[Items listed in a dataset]
****************

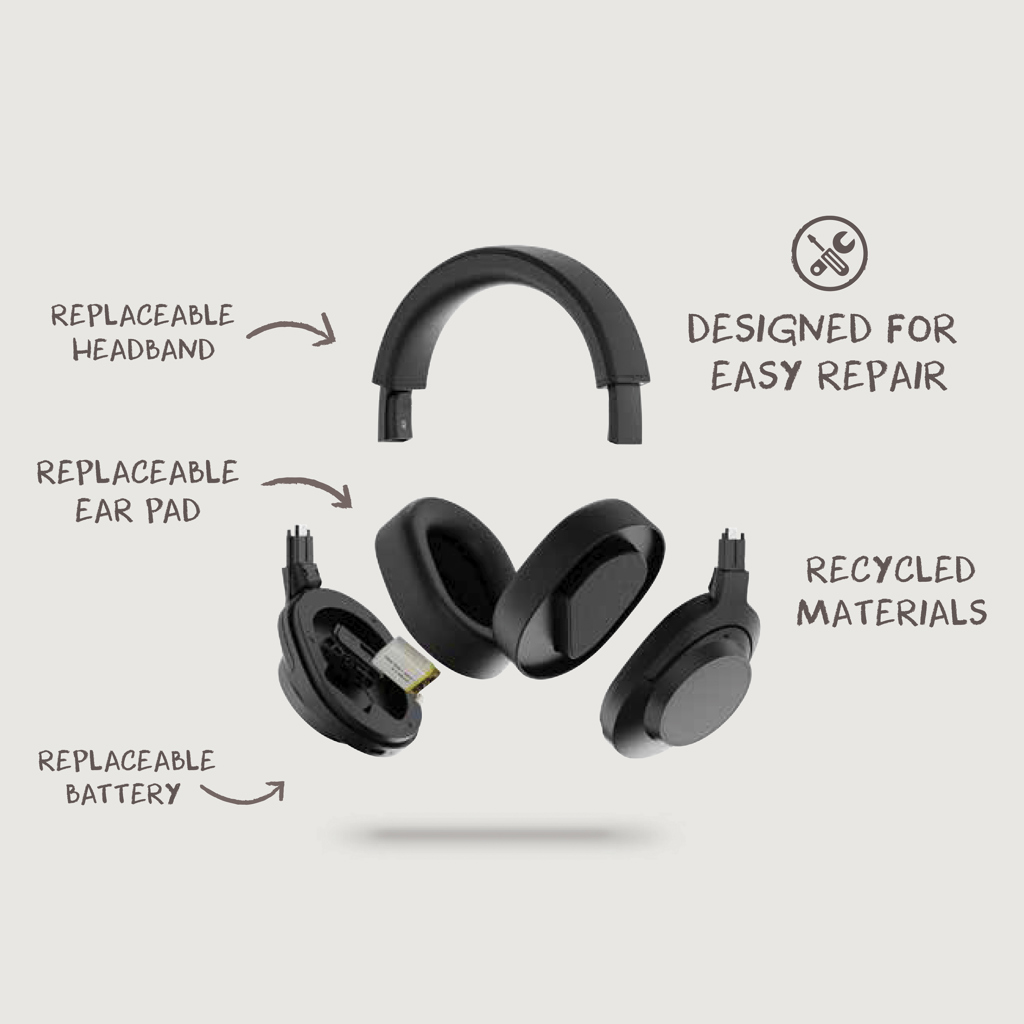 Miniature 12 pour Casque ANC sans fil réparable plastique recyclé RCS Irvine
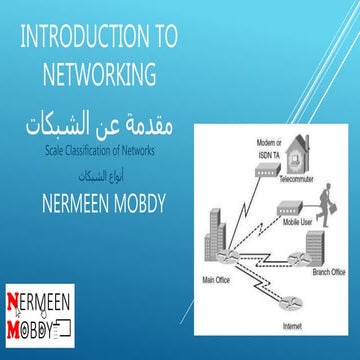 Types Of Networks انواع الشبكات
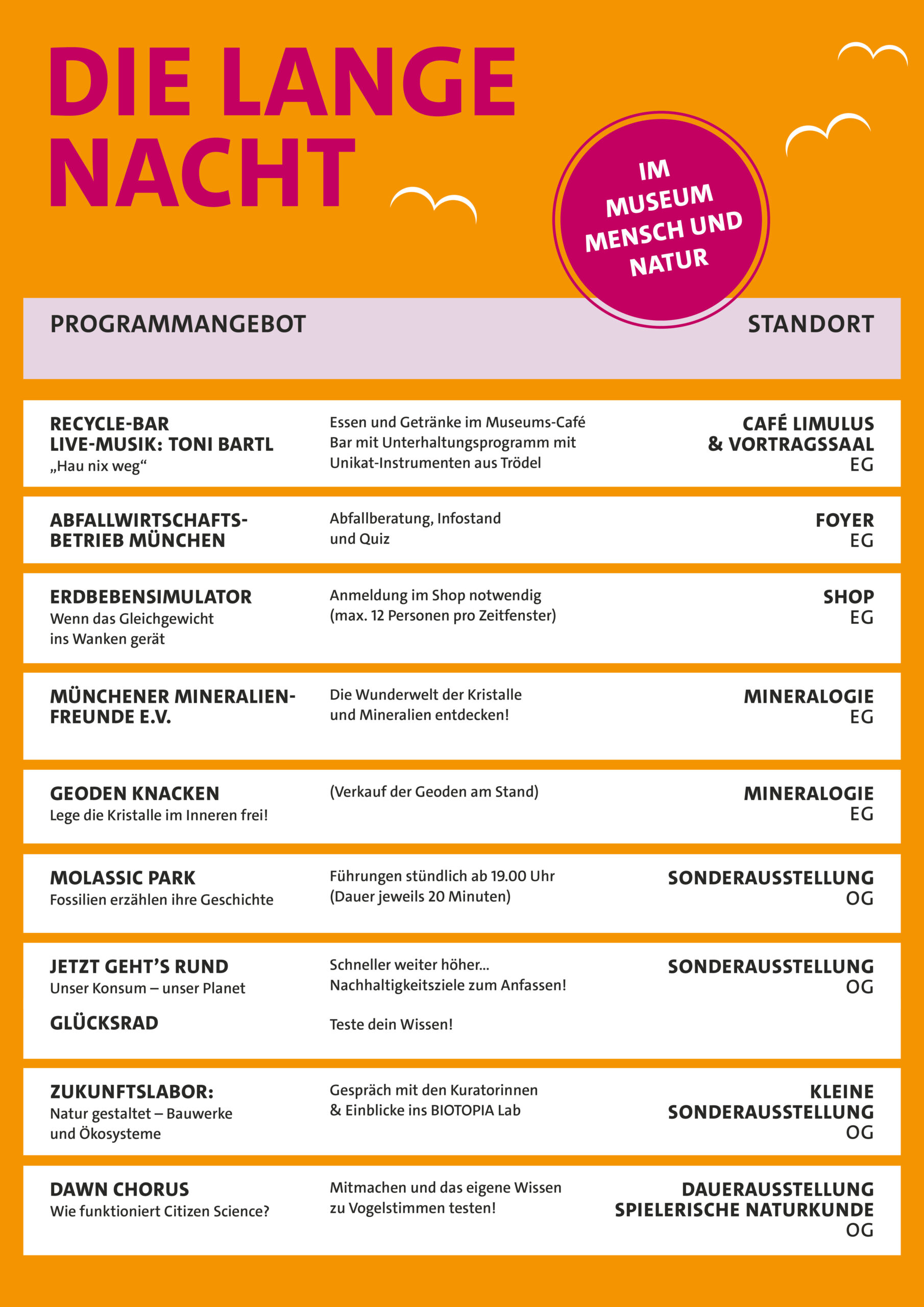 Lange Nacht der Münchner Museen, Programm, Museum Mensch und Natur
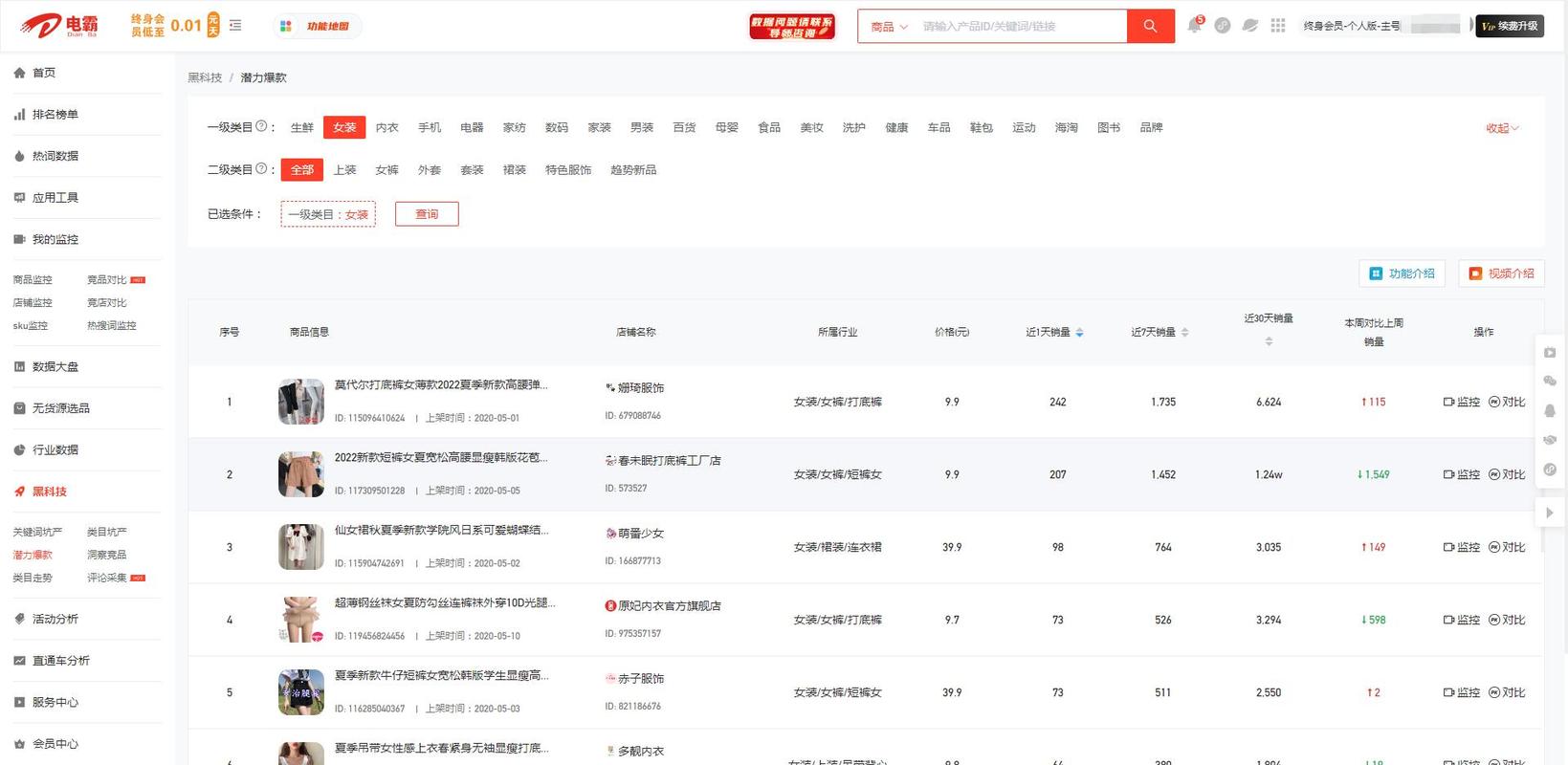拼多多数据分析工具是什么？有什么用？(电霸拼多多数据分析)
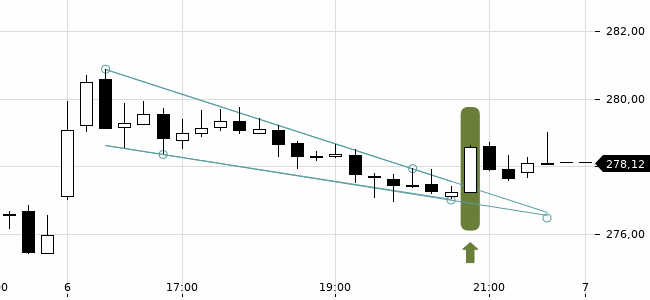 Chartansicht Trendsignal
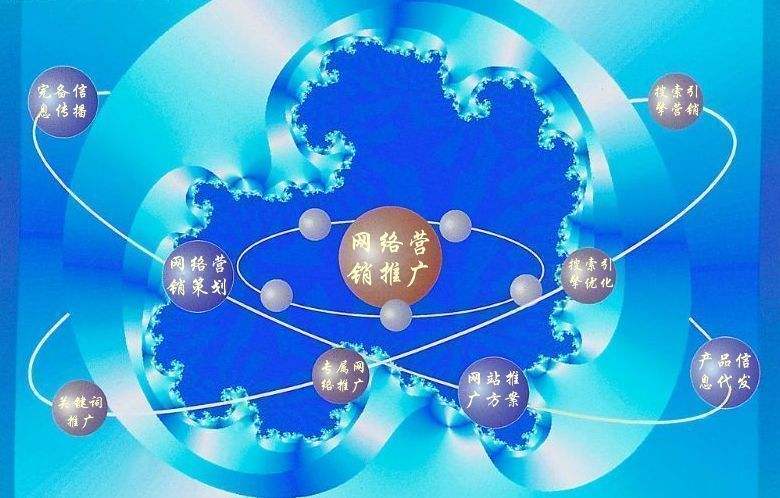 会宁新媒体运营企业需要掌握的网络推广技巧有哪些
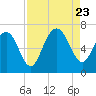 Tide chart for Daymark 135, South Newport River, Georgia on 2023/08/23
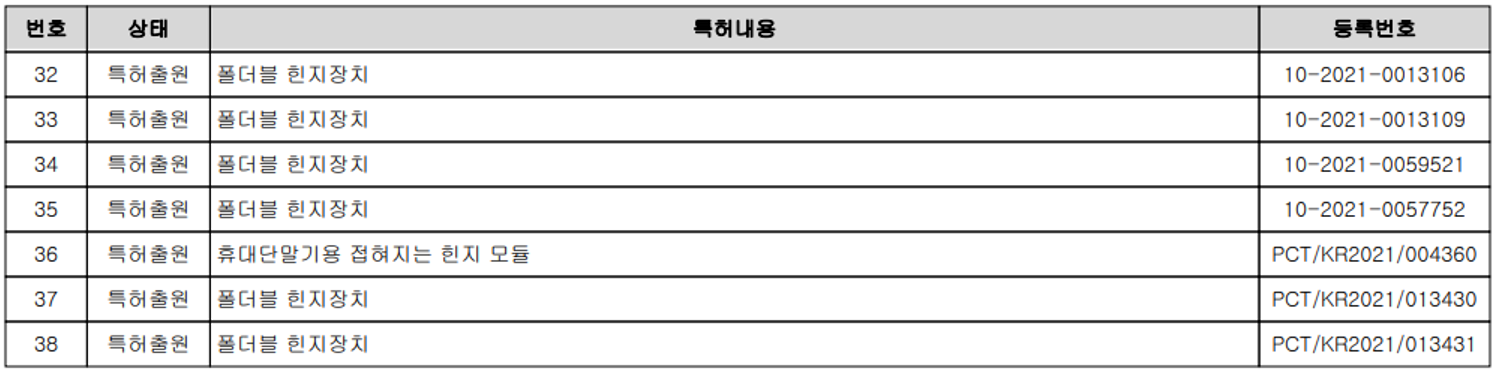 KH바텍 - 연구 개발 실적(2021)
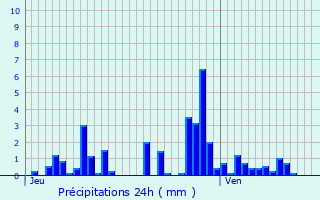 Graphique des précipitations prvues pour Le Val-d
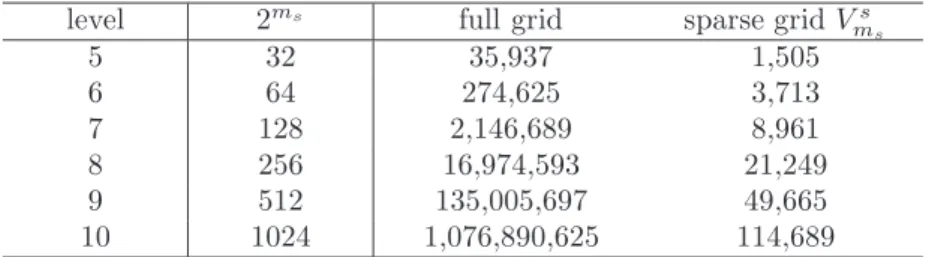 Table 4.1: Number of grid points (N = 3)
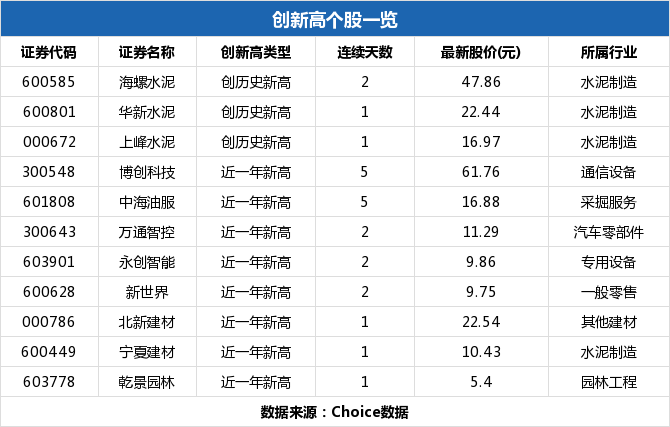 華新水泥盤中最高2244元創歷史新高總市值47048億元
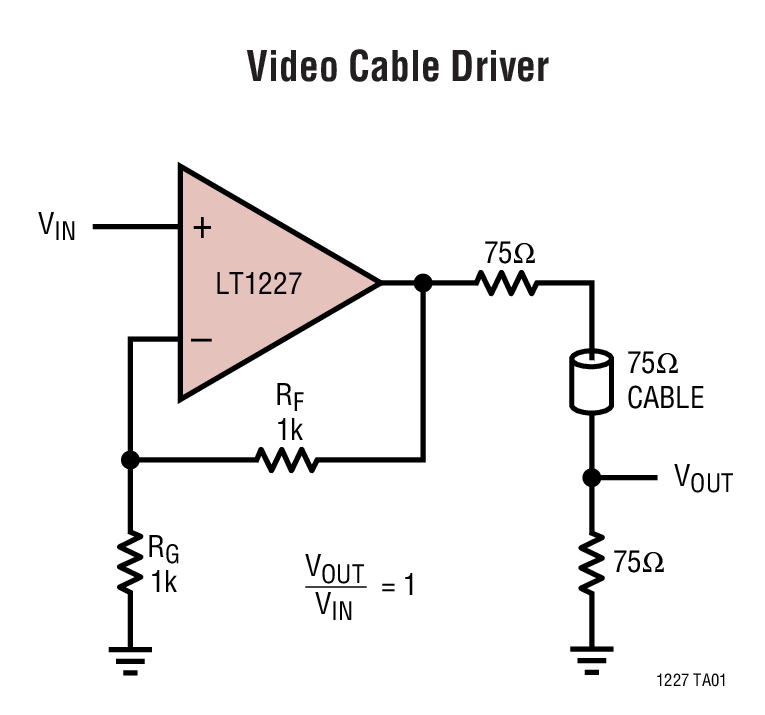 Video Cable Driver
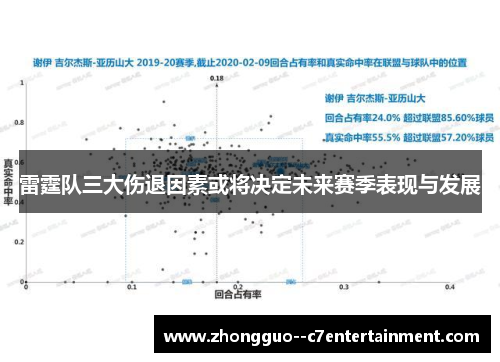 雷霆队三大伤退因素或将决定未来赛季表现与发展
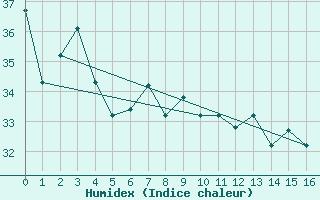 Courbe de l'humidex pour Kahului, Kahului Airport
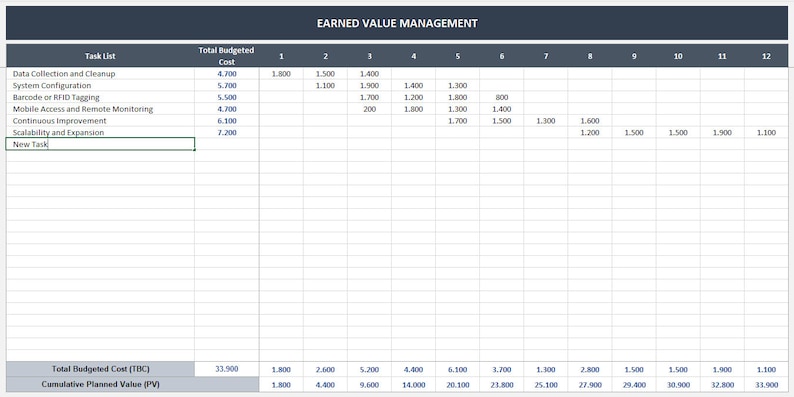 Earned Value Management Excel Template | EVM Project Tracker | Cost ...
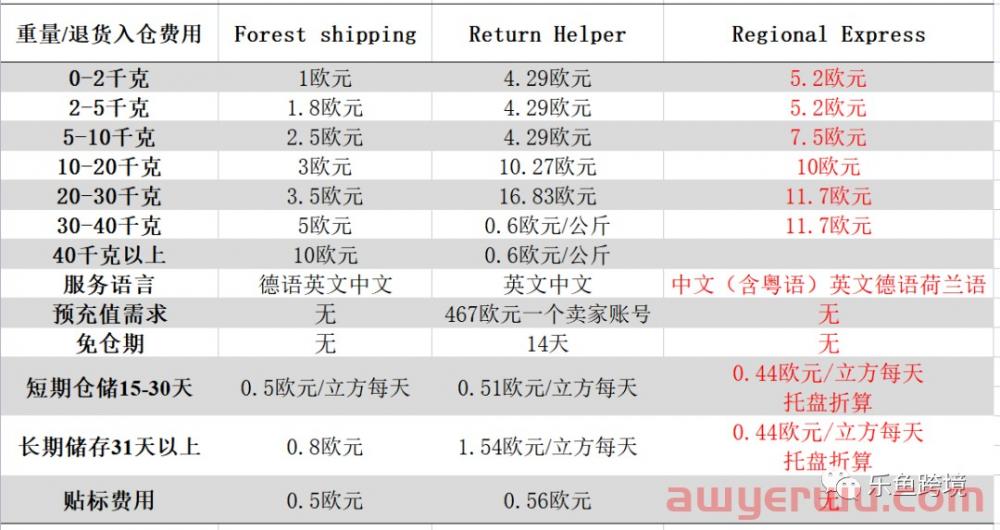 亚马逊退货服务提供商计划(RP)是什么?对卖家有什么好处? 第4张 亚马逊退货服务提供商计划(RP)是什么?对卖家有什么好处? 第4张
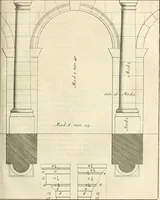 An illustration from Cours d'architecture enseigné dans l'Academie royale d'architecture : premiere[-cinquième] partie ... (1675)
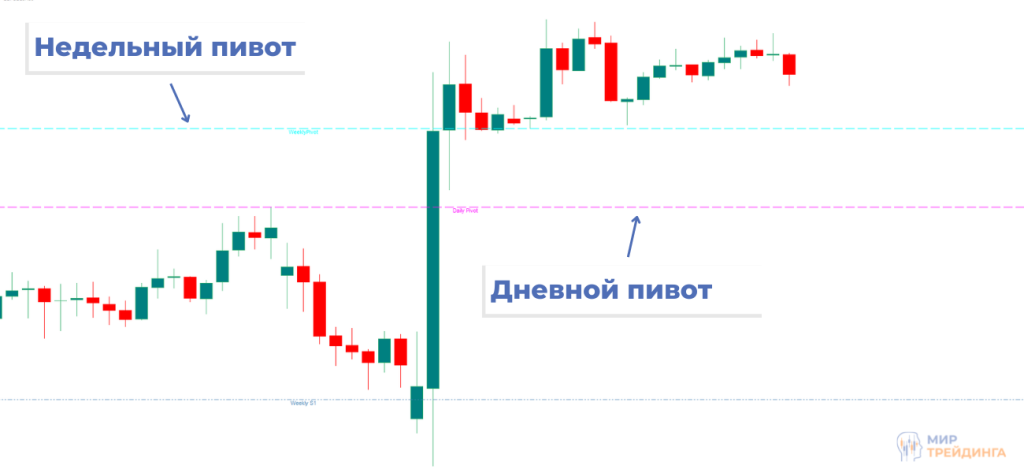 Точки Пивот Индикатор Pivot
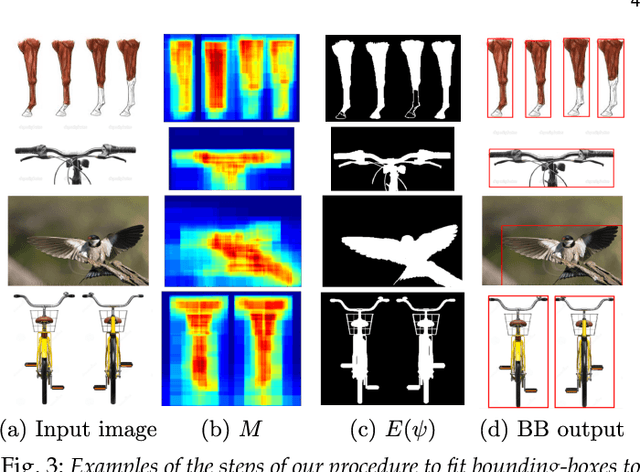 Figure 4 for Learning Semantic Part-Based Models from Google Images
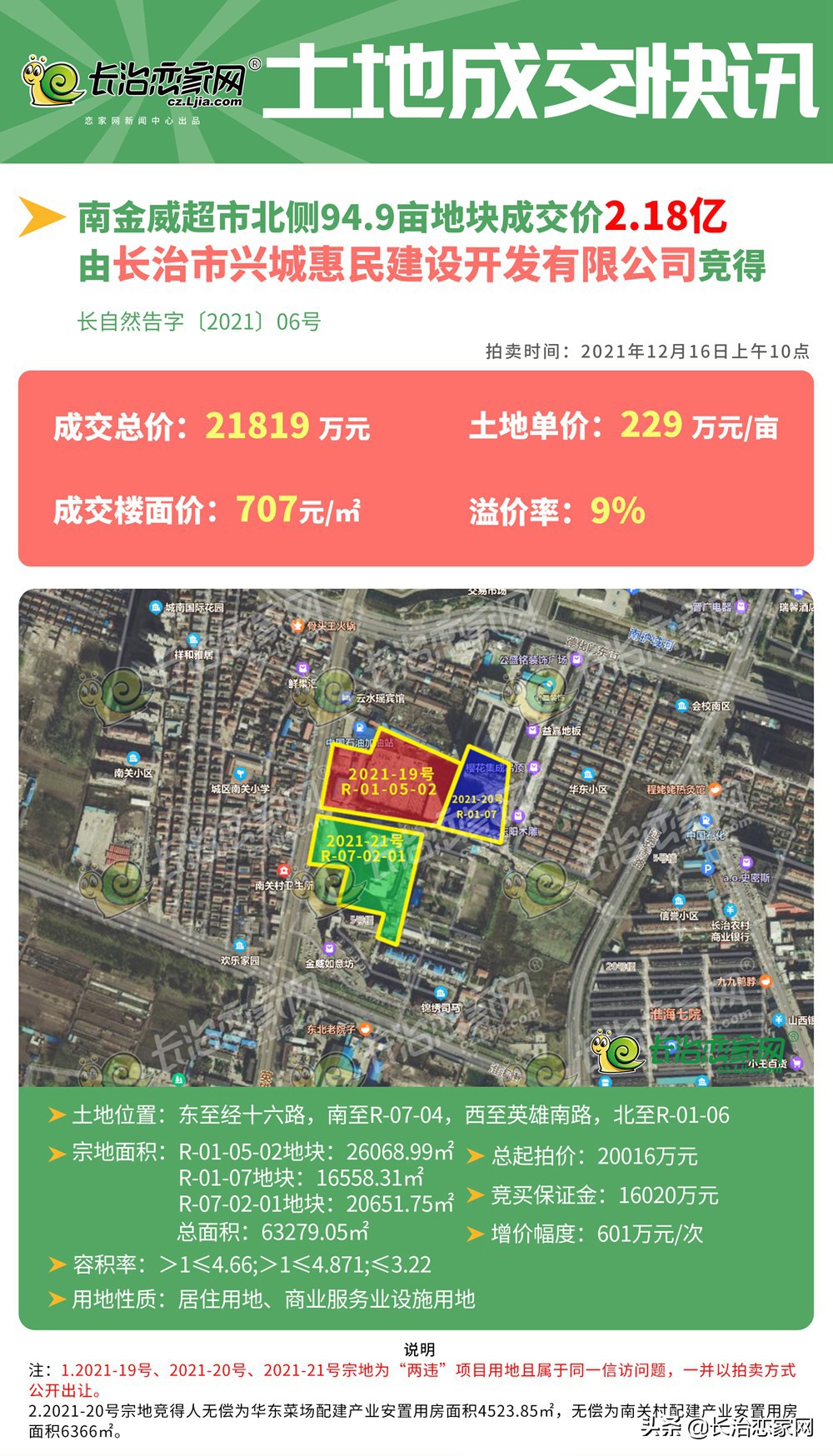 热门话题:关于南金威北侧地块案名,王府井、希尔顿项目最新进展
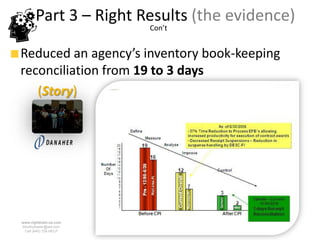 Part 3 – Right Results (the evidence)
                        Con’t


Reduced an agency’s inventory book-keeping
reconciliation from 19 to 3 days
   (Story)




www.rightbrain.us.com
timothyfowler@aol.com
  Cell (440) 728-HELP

****************

Work order —
Each entry above should come back word for word, and no picture should come with it.

Answer for the task —
 Miniature 12 pour Casque ANC sans fil réparable plastique recyclé RCS Irvine
 Types Of Networks انواع الشبكات
 Lange Nacht der Münchner Museen, Programm, Museum Mensch und Natur
拼多多数据分析工具是什么？有什么用？(电霸拼多多数据分析)
 Chartansicht Trendsignal
 会宁新媒体运营企业需要掌握的网络推广技巧有哪些
 Tide chart for Daymark 135, South Newport River, Georgia on 2023/08/23
 KH바텍 - 연구 개발 실적(2021)
 Graphique des précipitations prvues pour Le Val-d
 Table 4.1: Number of grid points (N = 3)
 華新水泥盤中最高2244元創歷史新高總市值47048億元
 Video Cable Driver
 雷霆队三大伤退因素或将决定未来赛季表现与发展
 Courbe de l'humidex pour Kahului, Kahului Airport
 Earned Value Management Excel Template | EVM Project Tracker | Cost ...
 亚马逊退货服务提供商计划(RP)是什么?对卖家有什么好处? 第4张 亚马逊退货服务提供商计划(RP)是什么?对卖家有什么好处? 第4张
 An illustration from Cours d'architecture enseigné dans l'Academie royale d'architecture : premiere[-cinquième] partie ... (1675)
 Точки Пивот Индикатор Pivot
 Figure 4 for Learning Semantic Part-Based Models from Google Images
 热门话题:关于南金威北侧地块案名,王府井、希尔顿项目最新进展
 Part 3 – Right Results (the evidence)
                        Con’t


Reduced an agency’s inventory book-keeping
reconciliation from 19 to 3 days
   (Story)




www.rightbrain.us.com
timothyfowler@aol.com
  Cell (440) 728-HELP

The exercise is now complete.